Others make their picks based on the school mascots they like the best.

To be clear: There is no set, reliable strategy for creating a winning bracket. But there do exist some basic guidelines that typically lead to success.

Here are five simple strategies for filling out a bracket that has a chance to wind up at the top of your office pool. 

1. Steer clear of the 16 seeds...

A 16 seed has never beaten a 1 seed

It's always fun to pick upsets, but don't overdo it: In the history of the NCAA Tournament, a 16 seed has never defeated a 1 seed. Several have come close, but overall, top seeds are 124-0 against 16-seeded opponents.

2. ...and be wary of the 15 seeds, too.

A 15 seed has defeated a 2 seed several times, including twice in 2012. Nonetheless, 2 seeds are 117-7 against 15 seeds overall. If you're intent on picking a 15, though: Consider UNC-Asheville over Villanova in the South region. Nova tends to underachieve in the Big Dance.

3. Do pick a 12 seed over a 5.

The trendiest first-round upset picks tend to be the 12 seed over the 5 seed, and with good reason: 12 seeds beat 5 seeds over one-third of the time (35.5 percent).

Just make sure you don't pick this 12 seed...

4. Pick a 2 seed to advance to the Final Four.

At least one 2 seed has advanced to the Final Four in 10 of the last 15 seasons, and multiple 2 seeds have made the Final Four in three of those years. In this year's tournament, Michigan State is probably the best 2 seed of the bunch -- and the Spartans are the opposite of Villanova in that they often overachieve in the tourney.

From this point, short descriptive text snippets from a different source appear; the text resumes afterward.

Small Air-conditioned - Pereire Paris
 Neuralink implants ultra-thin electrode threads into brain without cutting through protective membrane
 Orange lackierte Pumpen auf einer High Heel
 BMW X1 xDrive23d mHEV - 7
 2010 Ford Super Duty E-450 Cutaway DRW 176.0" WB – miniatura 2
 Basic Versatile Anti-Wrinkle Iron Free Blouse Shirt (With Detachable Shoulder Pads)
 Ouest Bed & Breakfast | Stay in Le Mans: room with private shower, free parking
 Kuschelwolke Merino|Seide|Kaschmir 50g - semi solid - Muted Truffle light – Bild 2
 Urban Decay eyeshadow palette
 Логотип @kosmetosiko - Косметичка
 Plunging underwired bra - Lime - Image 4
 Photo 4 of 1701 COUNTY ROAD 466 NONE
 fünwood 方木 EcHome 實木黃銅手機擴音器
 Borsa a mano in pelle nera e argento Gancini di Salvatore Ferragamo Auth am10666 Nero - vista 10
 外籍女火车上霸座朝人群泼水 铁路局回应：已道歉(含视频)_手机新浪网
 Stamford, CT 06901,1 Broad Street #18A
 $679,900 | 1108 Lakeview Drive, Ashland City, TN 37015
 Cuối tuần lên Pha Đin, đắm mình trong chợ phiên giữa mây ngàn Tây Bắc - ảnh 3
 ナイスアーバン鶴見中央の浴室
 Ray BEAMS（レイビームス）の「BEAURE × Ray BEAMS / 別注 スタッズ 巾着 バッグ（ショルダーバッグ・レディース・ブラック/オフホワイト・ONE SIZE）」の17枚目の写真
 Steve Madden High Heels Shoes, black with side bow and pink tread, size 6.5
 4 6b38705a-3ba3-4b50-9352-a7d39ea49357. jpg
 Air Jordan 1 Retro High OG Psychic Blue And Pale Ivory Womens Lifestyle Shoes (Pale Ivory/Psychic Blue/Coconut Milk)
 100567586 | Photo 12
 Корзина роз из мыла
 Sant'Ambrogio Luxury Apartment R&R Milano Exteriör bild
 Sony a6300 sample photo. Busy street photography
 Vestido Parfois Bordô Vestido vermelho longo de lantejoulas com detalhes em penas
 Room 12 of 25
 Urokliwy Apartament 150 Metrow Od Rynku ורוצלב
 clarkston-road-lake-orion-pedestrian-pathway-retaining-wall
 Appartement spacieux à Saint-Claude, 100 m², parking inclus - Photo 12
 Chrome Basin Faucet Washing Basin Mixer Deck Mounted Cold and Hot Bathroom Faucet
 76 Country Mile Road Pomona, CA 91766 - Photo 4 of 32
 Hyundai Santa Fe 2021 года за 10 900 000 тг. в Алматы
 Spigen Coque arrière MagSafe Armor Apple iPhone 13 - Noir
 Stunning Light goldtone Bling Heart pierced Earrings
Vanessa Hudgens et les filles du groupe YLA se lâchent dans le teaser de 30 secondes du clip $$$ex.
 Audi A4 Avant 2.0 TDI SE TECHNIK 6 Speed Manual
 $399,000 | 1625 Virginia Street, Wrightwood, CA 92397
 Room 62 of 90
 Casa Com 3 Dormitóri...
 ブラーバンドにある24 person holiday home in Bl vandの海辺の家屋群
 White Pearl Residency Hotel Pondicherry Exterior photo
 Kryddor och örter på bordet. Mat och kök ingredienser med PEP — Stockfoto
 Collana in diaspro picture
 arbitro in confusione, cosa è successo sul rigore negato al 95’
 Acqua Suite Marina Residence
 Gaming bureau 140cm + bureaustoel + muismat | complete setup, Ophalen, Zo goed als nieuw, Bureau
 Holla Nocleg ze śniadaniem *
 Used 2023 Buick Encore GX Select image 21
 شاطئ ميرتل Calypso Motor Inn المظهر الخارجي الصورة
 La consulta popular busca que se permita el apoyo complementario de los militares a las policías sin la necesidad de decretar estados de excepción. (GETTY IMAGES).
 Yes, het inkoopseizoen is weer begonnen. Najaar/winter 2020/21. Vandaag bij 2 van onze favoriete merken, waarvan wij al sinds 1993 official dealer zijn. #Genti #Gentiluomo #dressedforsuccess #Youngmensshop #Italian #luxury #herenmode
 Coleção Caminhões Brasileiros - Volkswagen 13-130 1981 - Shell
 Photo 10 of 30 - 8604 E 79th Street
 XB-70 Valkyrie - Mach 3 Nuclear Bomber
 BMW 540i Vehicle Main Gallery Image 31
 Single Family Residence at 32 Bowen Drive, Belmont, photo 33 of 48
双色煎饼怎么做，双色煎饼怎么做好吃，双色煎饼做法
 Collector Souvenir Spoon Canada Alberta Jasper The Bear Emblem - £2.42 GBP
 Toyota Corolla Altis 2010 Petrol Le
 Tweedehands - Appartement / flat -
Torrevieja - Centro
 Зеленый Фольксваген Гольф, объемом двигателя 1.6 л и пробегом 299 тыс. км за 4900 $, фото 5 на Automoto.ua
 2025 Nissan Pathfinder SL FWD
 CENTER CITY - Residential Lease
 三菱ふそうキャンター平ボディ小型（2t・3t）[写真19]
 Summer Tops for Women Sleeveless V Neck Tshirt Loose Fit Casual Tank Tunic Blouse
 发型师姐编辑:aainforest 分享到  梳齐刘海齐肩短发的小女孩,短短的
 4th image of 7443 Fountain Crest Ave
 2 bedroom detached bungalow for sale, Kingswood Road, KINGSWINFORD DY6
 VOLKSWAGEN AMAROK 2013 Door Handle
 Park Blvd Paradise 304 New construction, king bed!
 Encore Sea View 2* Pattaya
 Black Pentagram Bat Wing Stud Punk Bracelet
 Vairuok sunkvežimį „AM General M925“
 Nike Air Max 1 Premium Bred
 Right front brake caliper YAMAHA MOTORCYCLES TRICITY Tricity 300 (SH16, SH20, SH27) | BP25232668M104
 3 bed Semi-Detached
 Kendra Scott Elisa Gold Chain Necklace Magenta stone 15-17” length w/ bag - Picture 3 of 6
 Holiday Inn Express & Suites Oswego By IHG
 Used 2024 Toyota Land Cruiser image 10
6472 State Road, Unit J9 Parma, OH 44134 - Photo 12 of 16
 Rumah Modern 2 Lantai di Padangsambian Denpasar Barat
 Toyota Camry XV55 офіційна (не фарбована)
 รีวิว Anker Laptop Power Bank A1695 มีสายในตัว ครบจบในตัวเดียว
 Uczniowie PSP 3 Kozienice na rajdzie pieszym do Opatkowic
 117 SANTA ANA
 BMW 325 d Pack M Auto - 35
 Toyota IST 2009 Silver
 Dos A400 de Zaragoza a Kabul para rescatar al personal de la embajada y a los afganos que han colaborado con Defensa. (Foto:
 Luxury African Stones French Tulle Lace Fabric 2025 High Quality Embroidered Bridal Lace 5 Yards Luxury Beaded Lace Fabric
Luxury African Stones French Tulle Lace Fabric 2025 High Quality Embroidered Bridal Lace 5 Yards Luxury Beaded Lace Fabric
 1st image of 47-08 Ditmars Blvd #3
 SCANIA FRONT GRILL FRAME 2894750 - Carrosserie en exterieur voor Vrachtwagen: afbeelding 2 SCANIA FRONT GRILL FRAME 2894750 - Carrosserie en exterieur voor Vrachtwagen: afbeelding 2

5. Pick a 1 seed to win it all.

It might not be exciting to pick a top-seeded team to win the championship, but history says it's the most logical path. A 1 seed has won the national title in 18 of the last 29 seasons, including Duke last year. The only trick, of course, is deciding on which of the four 1 seeds to take. For what it's worth: Kansas will likely be the top pick to win it all.